La centrale hydroélectrique du Dnipro, après la destruction du barrage de Kakhovka en aval, et la baisse brutale du niveau de l'eau, photographiée ici le 9 juillet 2023. (GLOBAL IMAGES UKRAINE / GETTY IMAGES EUROPE)

Des espèces rares, comme la fourmi liometopum microcephalum ou la souris de Nordmann, dont 70% de la population mondiale vivait dans des zones qui ont été inondées, risquent de disparaître localement. "En amont du barrage, les écosystèmes avaient l'habitude d'avoir ce réservoir à proximité, ils étaient donc dépendants de cette eau. Tous les organismes vivants qui étaient présents dans le bassin sont morts. Il y a de forts risques qu'ils soient remplacés par des espèces tropicales invasives plus résistantes et destructrices", renchérit Marie-Ange Schellekens, chercheuse en droit de l'environnement à l'université de La Rochelle et spécialiste des effets des conflits sur la nature.

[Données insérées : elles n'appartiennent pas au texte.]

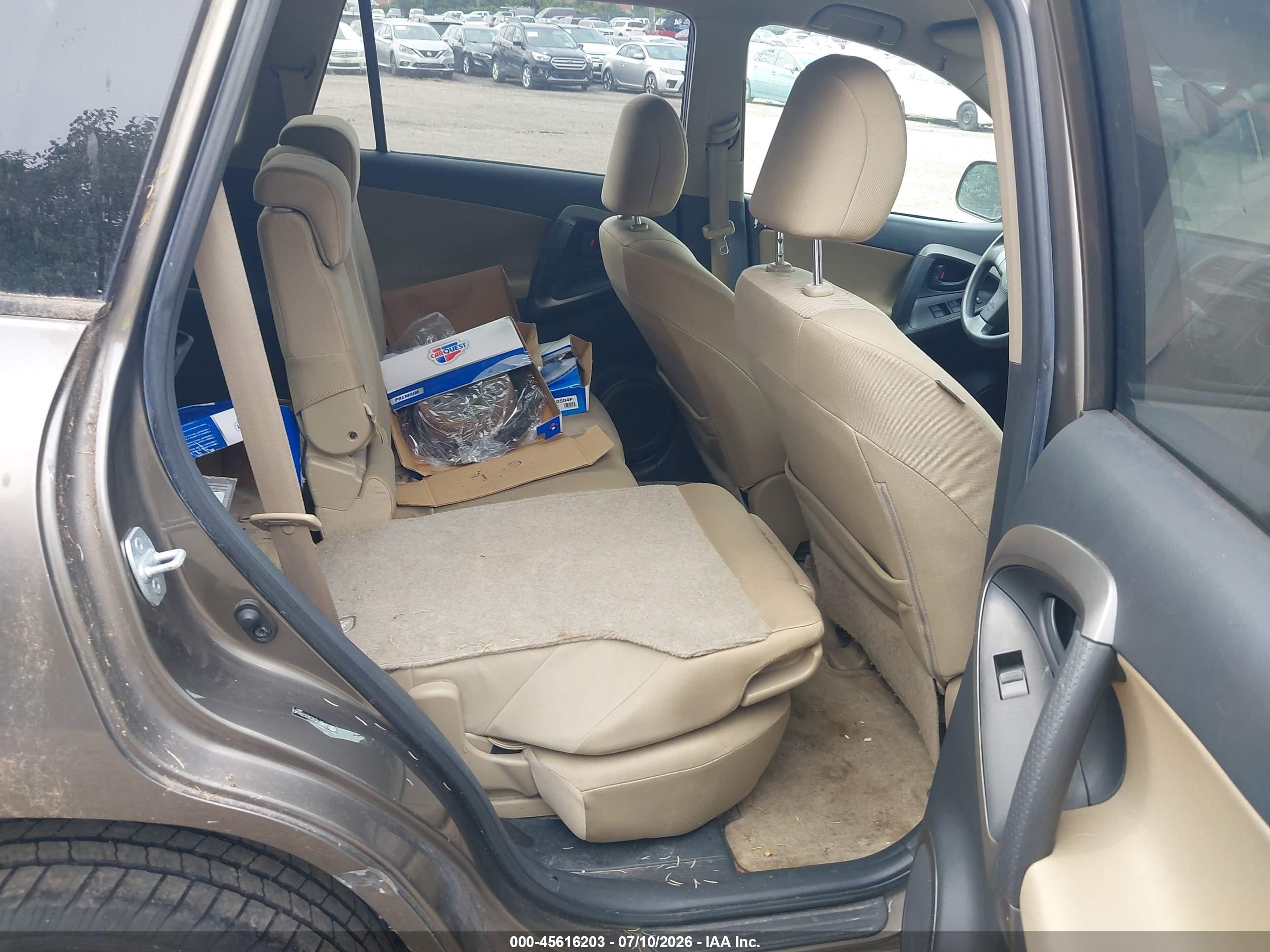 2010 Toyota Rav4   Коричневый vin: JTMBF4DV0AD039640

Si l'Ukraine représente moins de 6% de la superficie de l'Europe, elle est capitale pour les espèces migratrices et abrite 35% de sa biodiversité, selon le Journal officiel de l'Union européenne (PDF). Cela équivaut à plus de 70 000 espèces, dont beaucoup sont rares et endémiques. "Depuis le 24 février 2022, 812 réserves naturelles couvrant une superficie de 0,9 million d'hectares ont été touchées par la guerre", explique le ministère de l'Environnement. Selon lui, de "nombreuses espèces" présentes dans le Livre rouge qui recense les végétaux et animaux menacés dans le pays ont disparu. Mais le recensement ne pourra réellement commencer qu'une fois la guerre terminée et les réserves naturelles déminées.

"La guerre détruit la végétation. Elle détruit le sol, elle le compacte, le rend dense et tue la faune : les gros animaux, les petits animaux, des insectes jusqu'aux plus gros mammifères."

Nickolai Denisov, directeur de l'association Zoï Environnement Network

à franceinfo

De manière plus insidieuse, la guerre perturbe aussi la politique environnementale de Kiev, notamment dans les zones disputées ou occupées par les forces russes. Le territoire ukrainien possède huit réserves de biosphère reconnues par l'Unesco, des zones favorisant la conservation de la biodiversité. Celle d'Askania-Nova, dans la région occupée de Kherson, a dû évacuer tout son personnel et il n'est possible "de surveiller ce qui se passe dans la réserve que grâce aux images satellite", écrit le groupe de travail sur les conséquences environnementales de la guerre en Ukraine.

L'étude publiée dans la revue Parks en novembre 2023 cite plusieurs exemples de ces zones protégées désormais menacées par la guerre. Dans le parc national de Pryazovske, l'une des plus grandes réserves naturelles du pays, dans la région de Zaporijjia, les auteurs ont observé "l'établissement de fortifications, de tranchées, de terrains d'entraînement pour l'artillerie lourde et d'un stand de tir". Dans cette réserve marine, "la pêche industrielle extrait 4,5 à 9 tonnes de poisson par jour". Le parc naturel national de Méotide, dans la région de Donetsk, aurait quant à lui été le théâtre d'"entraînement au tir sur d'importantes colonies d'oiseaux".

Même sur le territoire dont Kiev a gardé le contrôle, la loi martiale destinée à soutenir les capacités de défense du pays a mis entre parenthèses les questions climatiques et environnementales. Selon Marie-Ange Schellekens, "toutes les réformes environnementales commencées avant la guerre sont tombées à l'eau". La loi 7144, adoptée par le Parlement ukrainien le 15 mars 2022 sous la pression des sylviculteurs, a par exemple permis la reprise de l'exploitation forestière pendant la "période de silence", cruciale pour la reproduction des animaux et la préservation de la biodiversité. De quoi nourrir les inquiétudes pour l'avenir. "La question sera de savoir dans quelle mesure le gouvernement ukrainien intégrera les questions environnementales au moment de la reconstruction", conclut Doug Weir.